Former Pakistan paceman Mohammad Amir on Thursday left for London where he is set to face a criminal trial for corruption charges over alleged spot fixing.
Amir, former captain Salman Butt, fellow fast bowler Mohammad Asif and their agent Mazher Majeed have been charged with conspiracy to cheat and conspiracy to obtain and accept corrupt payments.
The quartet were arrested after police inquiries following accusations in the News of the World newspaper that no-balls were deliberately bowled in the fourth Test match at London's Lord's Cricket Ground last August.
Friday's hearing at Southwark Crown Court, south London, is expected to be a procedural affair where the date for the trial proper will be set.
The three players face charges of conspiracy to cheat and conspiracy to obtain and accept corrupt payment - crimes punishable by two to seven years' imprisonment under English law.
The four accused appeared at a hearing in a London court on March 17, which granted them bail and ordered them to appear on May 20.

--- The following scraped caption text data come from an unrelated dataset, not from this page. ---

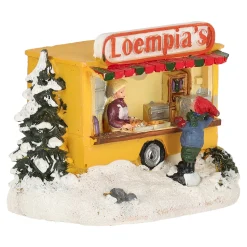 Kerstdorp<Kerstdorp kraam loempia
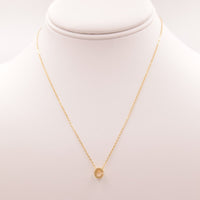 Initial C Gold Necklace - Necklaces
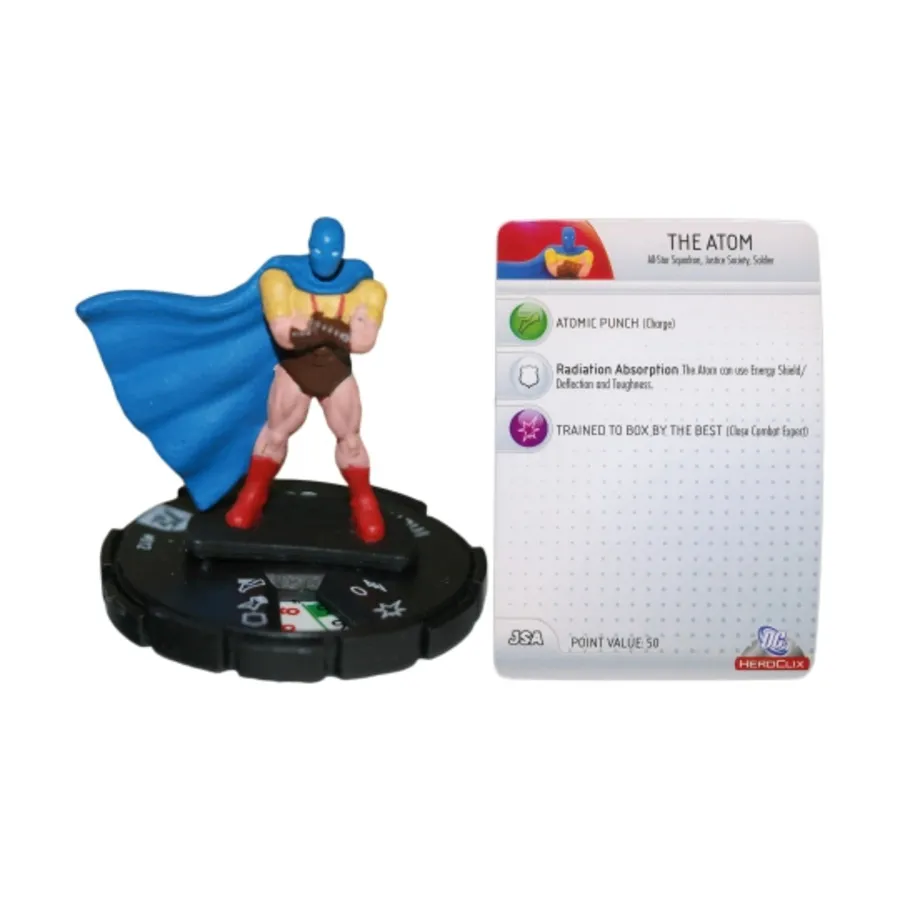 Атом, #012 (С), DC HeroClix - 75th Anniversary - Singles 
Атом, #012 (С), DC HeroClix - 75th Anniversary - Singles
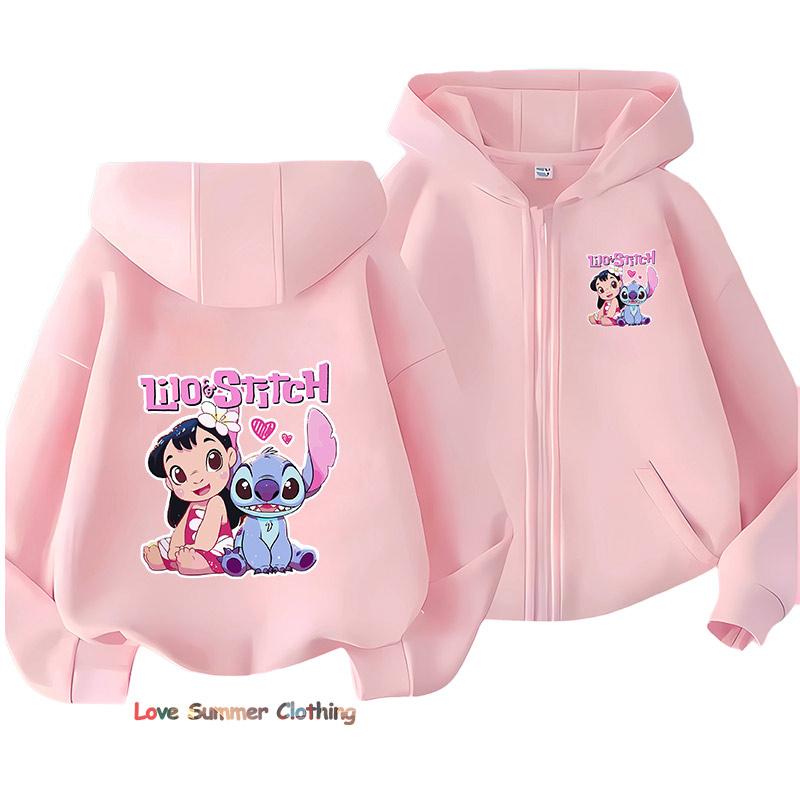 Disney Jongens Hoodie Ritssluiting stiksel Meisjes Herfst Capuchonjas Rit Herfst Pullover Casual Hoodie Maat 100-160cm 100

Amir said his visit had been delayed because of visa problems.
"Now I have sorted that out and am going to attend the hearing on Friday with a hope that this crisis is resolved soon," Amir told AFP.
Asif flew to London on Monday, while Butt said he was not required to attend the hearing.
"My lawyer will handle the hearing," Butt told AFP.
Asif also raised hopes of a quick resolution.
"I am going to London with a clear mind and that is to keep on fighting this case till my innocence is proven," Asif told reporters earlier this week.
A separate and independent International Cricket Council (ICC) anti-corruption tribunal has already banned the three players for a minimum of five years each.
All three have, however, filed appeals against their bans at the Court of Arbitration for Sport (CAS) in Lausanne, Switzerland.